Castleson High is a high school institution established in 1995. Informally referred to by its acronym "CH", it is a private, non-sectarian, educational institution  located in City Heights, 5 kilometers south of Bacolod, the capital of Negros Occidental province and Victorias City, 34 kilometers north of Bacolod in the Philippines. High school enrollment at both of these locations is close to 100 students. Its major feeder elementary schools come from Jack and Jill School branches and other local schools. At the City Heights location, the Sidera Special Child Center mainstreams its high school students at Castleson High.

It is one of the few institutions in the country where karate is part of the school curriculum; karate is included in physical education class all year round.

History

Cecilia del Castillo-Lopez chose the name "Castleson" in honor of her father and the del Castillo name (i.e., del Castillo and sons).

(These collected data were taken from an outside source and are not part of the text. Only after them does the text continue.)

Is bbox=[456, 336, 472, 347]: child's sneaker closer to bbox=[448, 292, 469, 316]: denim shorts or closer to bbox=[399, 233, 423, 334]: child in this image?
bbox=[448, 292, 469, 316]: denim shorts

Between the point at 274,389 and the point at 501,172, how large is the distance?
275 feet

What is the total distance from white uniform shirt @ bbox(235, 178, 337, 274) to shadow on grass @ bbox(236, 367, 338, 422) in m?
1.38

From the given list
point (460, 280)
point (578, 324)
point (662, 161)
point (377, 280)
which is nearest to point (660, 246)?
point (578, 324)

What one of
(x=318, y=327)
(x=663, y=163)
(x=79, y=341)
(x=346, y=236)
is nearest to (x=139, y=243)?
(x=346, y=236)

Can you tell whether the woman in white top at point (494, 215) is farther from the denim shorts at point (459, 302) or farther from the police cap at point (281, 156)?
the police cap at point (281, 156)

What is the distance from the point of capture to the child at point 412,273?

Castleson High was founded by Cecilia del Castillo-Lopez as a high school in 1995 wherein 16 students (fifteen boys and one girl) in Homesite under Rhazel Estelloso and 11 students (six boys and five girls) in City Heights Subd. under Ronald Loreto as pioneer classes. In the next year, Castleson High Schools in Homesite and City Heights were merged to become one school located in City Heights' new high school facility. By 2001, Castleson High in Victorias was established. A recent addition in City Heights was the Speech and Language Clinic which opened in 2008. Throughout Jack and Jill School's history, other branches in Airport, La Granja, Paglaum, and La Carlota were also opened and later closed.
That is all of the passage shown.